Wilson tells the story of the various styles of football practiced in Argentina, and their ebbs and flows, with acuity. But he’s even better at describing the talents of Argentina’s numerous great footballers, particularly the triumvirate of Alfredo di Stéfano, Diego Maradona and Lionel Messi, and the politics that subsumed, and continues to subsume in Messi’s case, their careers. He quotes the novelist Eduardo Sacheri with a view to ending the Messi versus Maradona comparisons. ‘It isn’t Messi’s fault,’ Sacheri had said, ‘that we Argentineans are incapable of ending our mourning for Diego.’ But the debate, as tiresome as it is, refuses to go away. There is a belief, perhaps on account of Messi’s comparatively more privileged upbringing, Wilson notes, that unlike Maradona, or his own contemporary Carlos Tevez, Messi lacks the attributes of a pibe. In the 1920s, the journalist Borocoto would describe, in Wilson’s words, the ‘pibe’ as something of a ‘liminal figure, the urchin who will make his way through life with a combination of charm and cunning’, as the kind of player who defines the ethos of the local Argentinean born footballer.

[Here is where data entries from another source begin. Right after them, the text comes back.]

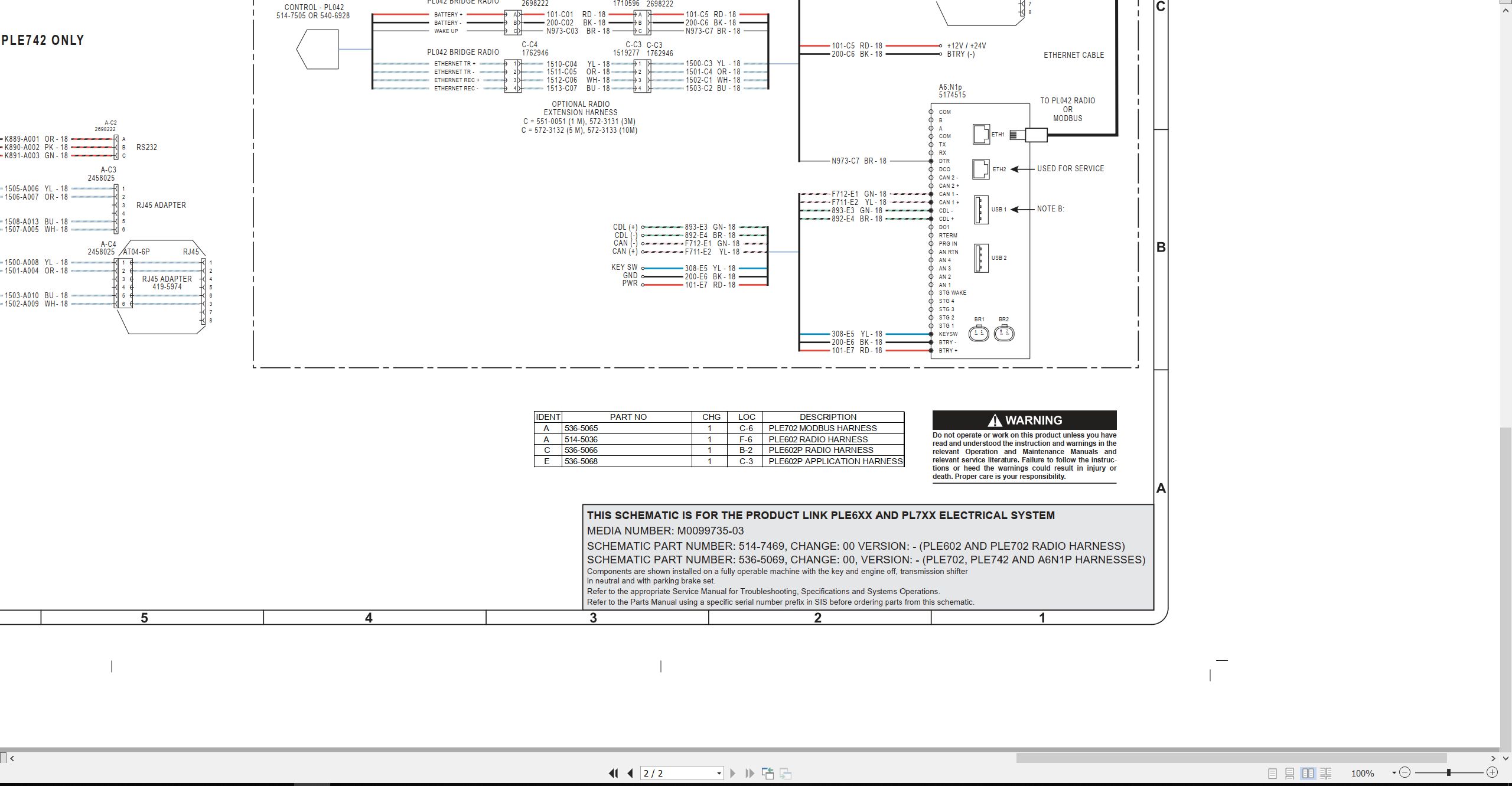 CAT Product Link PLE742 Electrical Schematic (2)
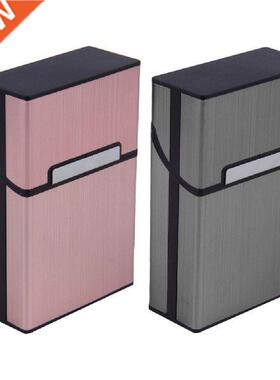 1Pcs New Ultra Thin Fashion Pipe Cigaret Case Slim Metal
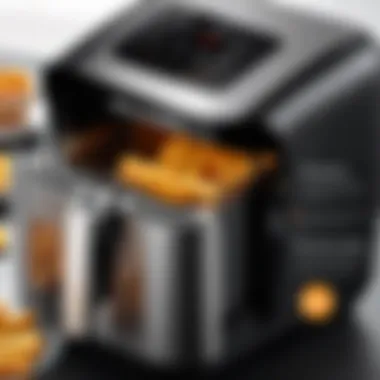 Safety features highlighted in a Secura air fryer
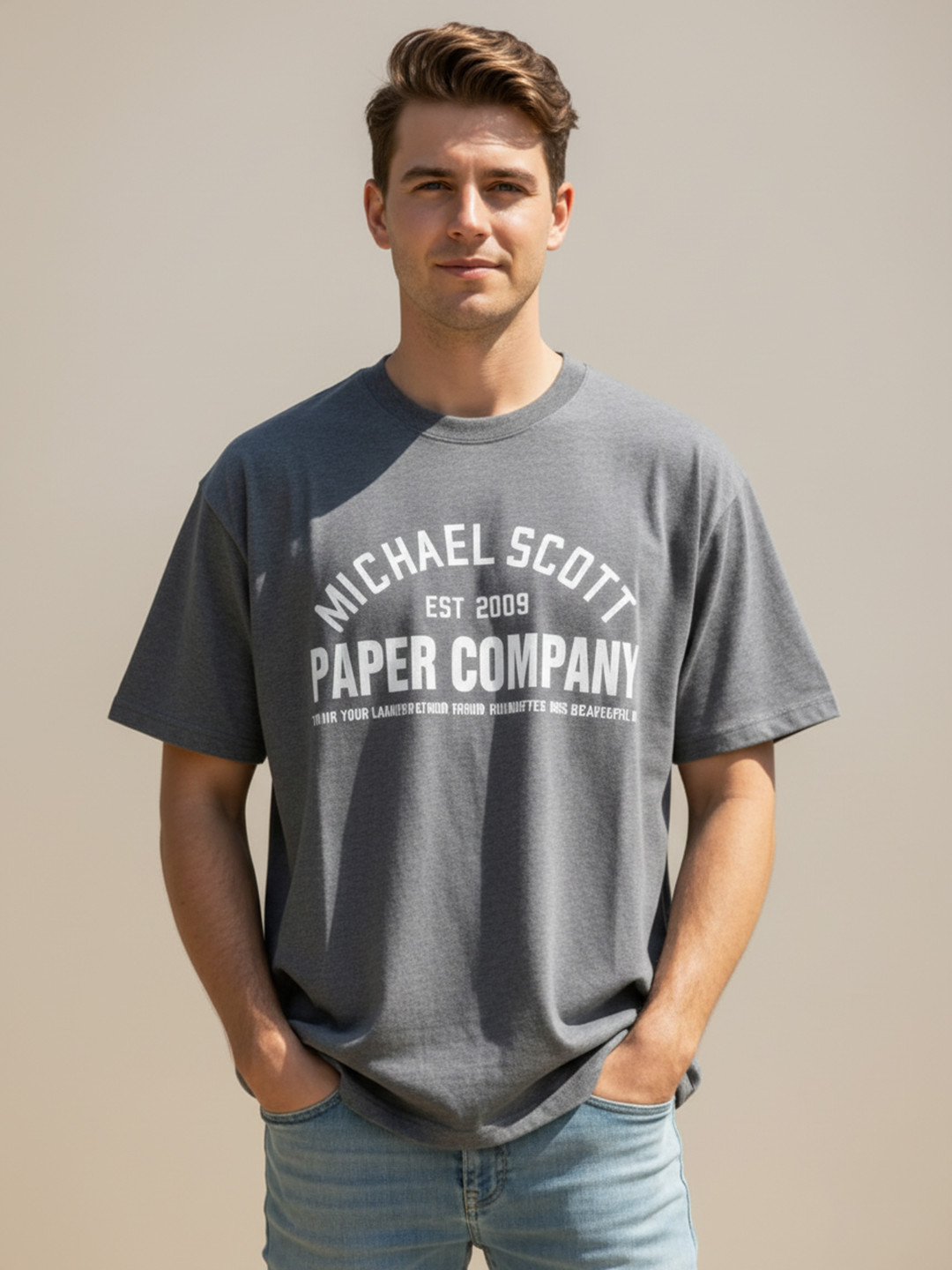 DressBerry Typograghy Printed Round Neck T-Shirt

Also prominent in Angels with Dirty Faces is an erudite description of Argentina’s economy, its growth and decline, and its impact on the country’s football. In 2014, for instance, with the country in deep recession, its President Cristina Kirchner announced a new platform, ‘Fútbol para todos’—Football for all. Through it, Kirchner promised that all top-flight Argentinean league matches would be screened live on free television channels. “We will no longer hijack goals,” Kirchner announced, referencing the fact that viewers were able to see the goals for the first time only during a short highlights package on the weekend. “You kidnap the goals until Sunday, as you hijack the images and words. As they kidnapped 30,000 Argentineans. I want this to be no more a society of kidnapping. I want this to be a society that is freer every day.” As Wilson rightly observes, Kirchner’s rhetoric was astonishing in its impunity: ‘how could a television rights deal of the sort that is common across the world be compared to state-sanctioned torture and murder?’ But such is the place that football occupies in Argentina’s society; it may not be a sport that is immune from the economy’s vagaries, but it is a sport that has throughout modern Argentinean history always served the ends of politics. ‘While the book is primarily a history of football,’ Wilson writes, in his prologue, ‘so entwined are the political and socio- economic strands, so inextricably is football bound up with all public life, that this is also a book about Argentina.’ An ambitious claim to make, but one that Angels with Dirty Faces does live up to.